Earth would be the armour of the SWA / or a core and armour (if 3 core used)- subject to the building MET being co located with the CU.

Personally I'd consider other alternatives. If the hall wall can take the recess depth of the flush CU then why not keep it there= you could always hang a picture over it, being careful where you nail or screw :LOL:

The mains head will still be where it is, so in the area there's some 'mess'.

Did a job a while back and the guy simple covered it all up with a radiator cover. Hidden, but accessible works well.
 
Marco, you have been concentrating on the route etc for the main feed.

I trust you have also remembered that all of the circuits that currently start and finish at the existing fuseboard will have to be re-routed to the new CU position.

How will you do this?
How will you join the new cables to the existing ones?
Don't forget they will have to be routed in safe zones.
 
Thanks for all your responses peeps:

@TalorT

Yes - I realise all the other circuits will need to be re-routed, but in actual fact, that's the whole reason for moving the CU in the first place.

I'm refurbing the whole flat - just focussing on the back half first, so I can get that livable before I rip out everything in the front too.

If I left the CU in place, I'd have to run all the kitchen and ensuite circuits no less than 20 metres, underfloor boards and in partitions.

If I put the CU in the attic above the kitchen, all the major circuits can be easily distributed, less than 3-4 metres, for the kitchen and ensuite. That would leave only two circuits for the front half - socket and lights (possibly a third for the bathroom sockets, just to be on the safe side). Seems to be a much better option for me.

As for CU placement - I'm still veering for the attic, since IMO it's not that difficult to access, with a built-in hatch ladder and battery powered light as emergency, especally if the CU is right next to the hatch. Certainly the BCO for my area said it was fine.

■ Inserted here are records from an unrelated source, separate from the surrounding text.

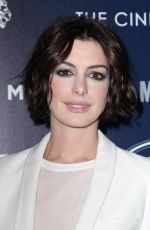 ANNE HATHAWAY at Song One Premiere in New York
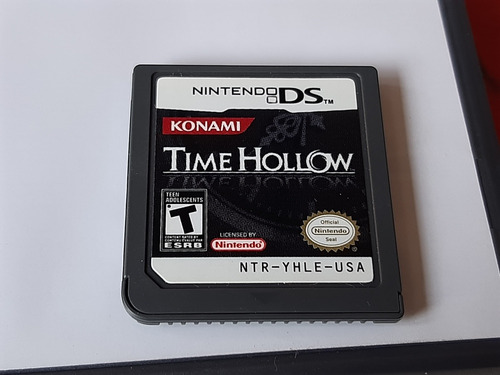 Time Hollow Con Caja,manual Y Folleto,sin Portada,original.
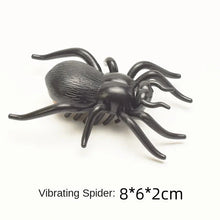 将图片加载到图库查看器，Interactive Mini Electric Bug Cat Toy – Battery Operated Flip Beetle
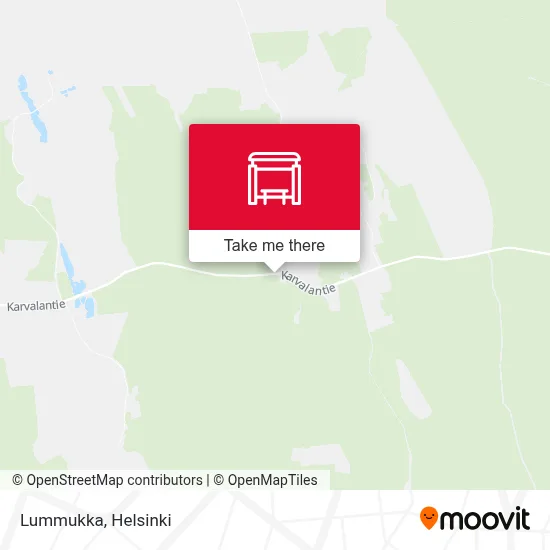 Lummukka map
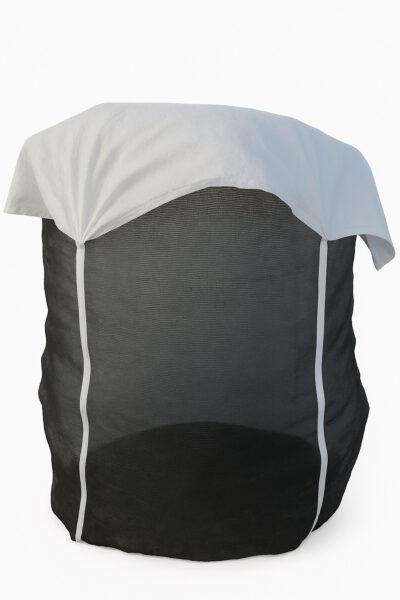 Premium Holzbag mit Abdeckung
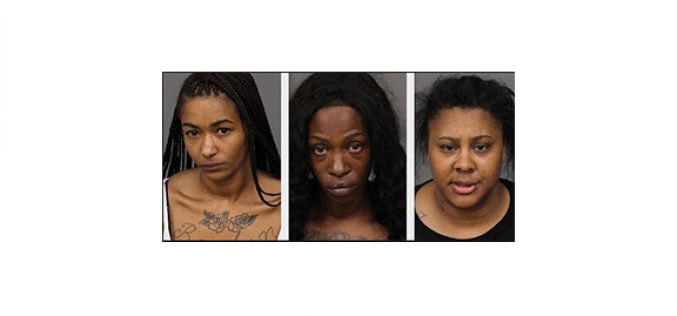 Holiday stealing spree lands 3 central CA women in jail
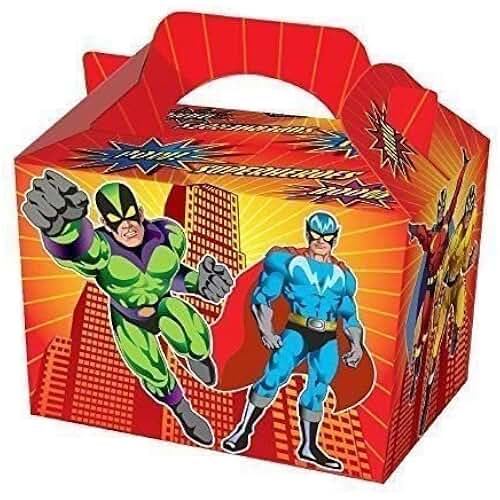 Amazon.co.uk Cardboard Lunch Boxes / Food Carriers Home & Kitchen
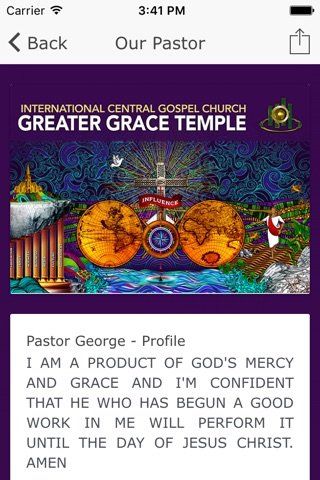 ICGC Greater Grace Temple screenshot 4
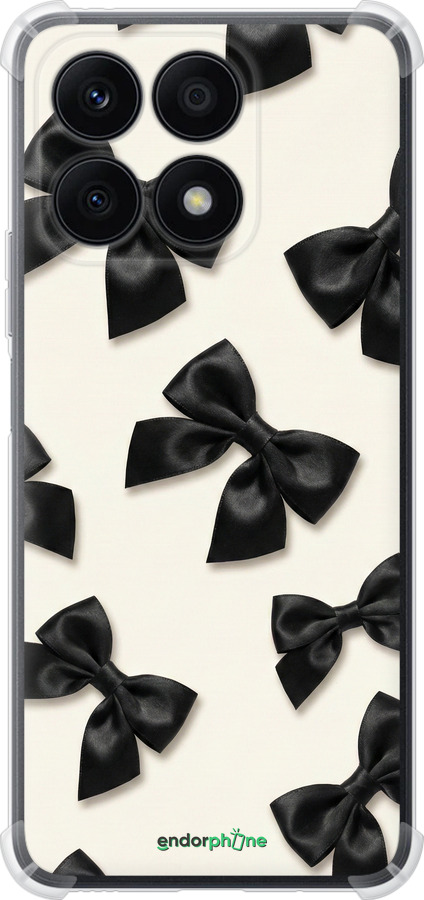 Силіконовий протиударний с посиленими кутами чехол Dark Coquette для Huawei Honor X8a - 6765sp-2963 изображение 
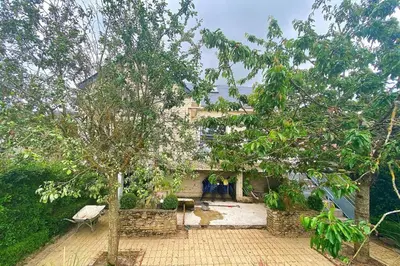 Jardin de l'établissement Le cottage GAMA Suisse Normande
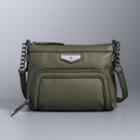 Simply Vera Vera Wang Easton Crossbody Bag, Women's, Med Green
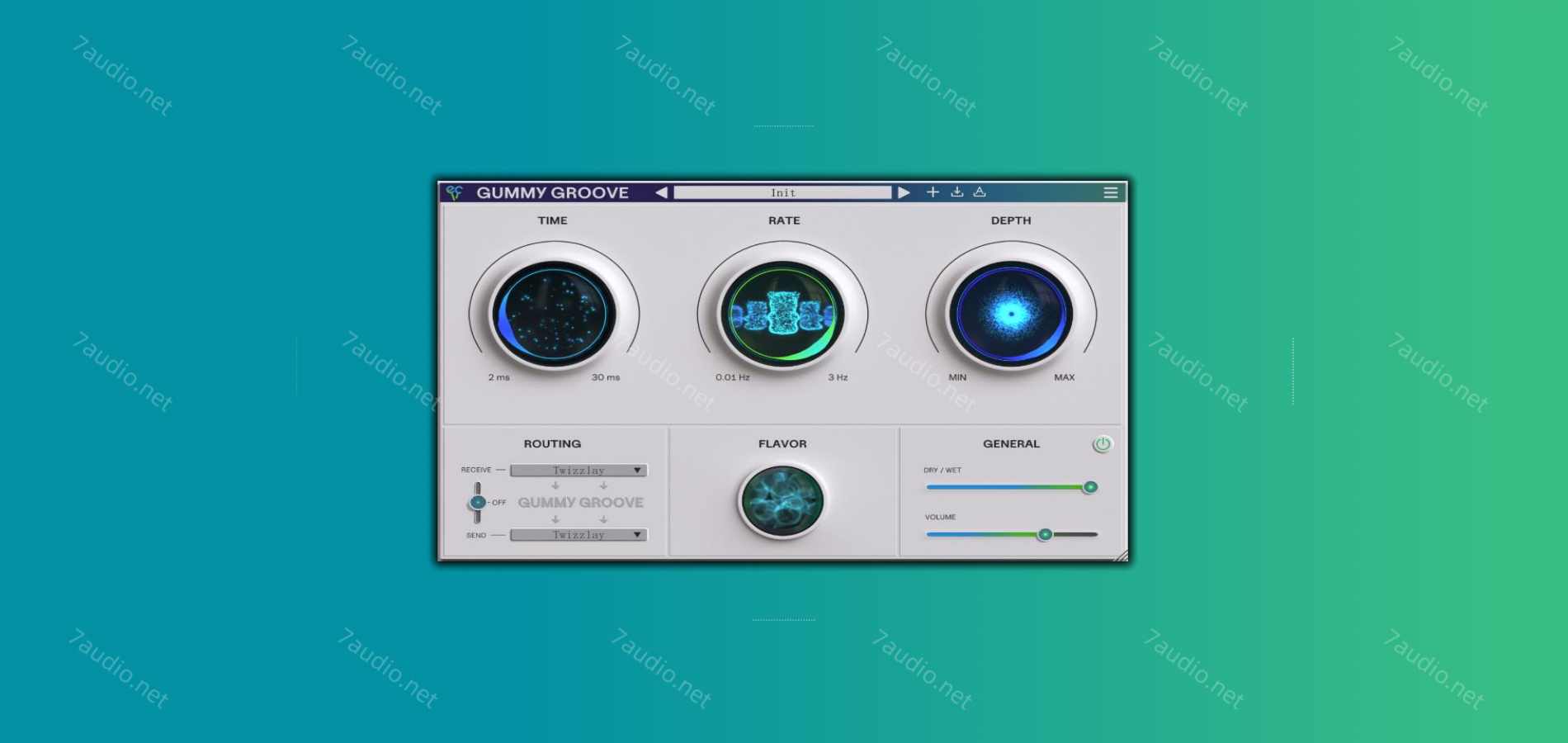 终极合唱效果器 Ear Candy Technologies GummyGroove v1.0.4 MOCHA WIN-7audio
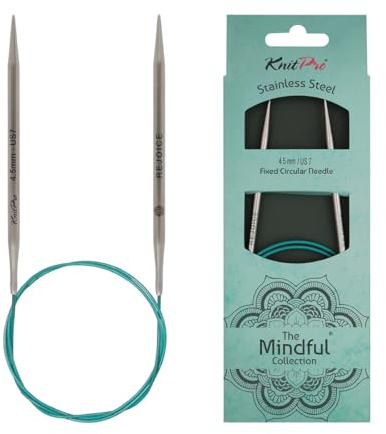 KnitPro The Mindful Collection Fixed Circular Needles 16 (40cm) | Size 4.50mm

It also makes adding new circuits in future much easier, since it doesn't need to be boxed in or recessed in any way, and I can run cables under the attic boards and simply drop them down.

@Chri5 - I see what you're saying about the SWA flexibility, and if it's so stiff it can't take the route I want, then I may not have a choice. However, for the reasons stated above, I definitely want to move the CU much further back in the property, not just for aesthetic reasons.
 
If I left the CU in place, I'd have to run all the kitchen and ensuite circuits no less than 20 metres, underfloor boards and in partitions.

Makes sense to me. I did a job a while back where fitting a sub DB at the back of the property was easier than running cables 30 meters for two RFs two lighting, one radial. If you do want it in the loft look at some self maintained emergency lighting and a suitable location for the test switch. This way you can illuminate the route in case of supply fail. There cheap and you can forget about them just test them every 6 months.

SWA can be a pain to bend. But it can be done. I have in the past ran it in a channel in a wall and swept it into the floor.

Adam
 
(possibly a third for the bathroom sockets, just to be on the safe side)..


:eek:

Tell me that is a error, please

Hehe - yes, an error. Well spotted.

Of course, I *meant* for two shaver sockets in a zone 2 area in the bathroom.

That, and a couple of 13-amp 3-pins, so I can plug in the TV and dry my hair in the bath :p

EDIT - In all seriousness, by 'safe', I meant maybe putting those shaver sockets on their own circuit, just in case I did do something stupid, it might give me an extra chance. Or maybe it's just overkill.
 
Not sure if those units are suitable for use with external 12v luminaires, they also only illuminate on supply failure i.e. non-maintained.
You can buy SELV units with batteries specifically for use with 12v lighting, installed a couple a few weeks back. Only downside is they were not cheap - about £90 each.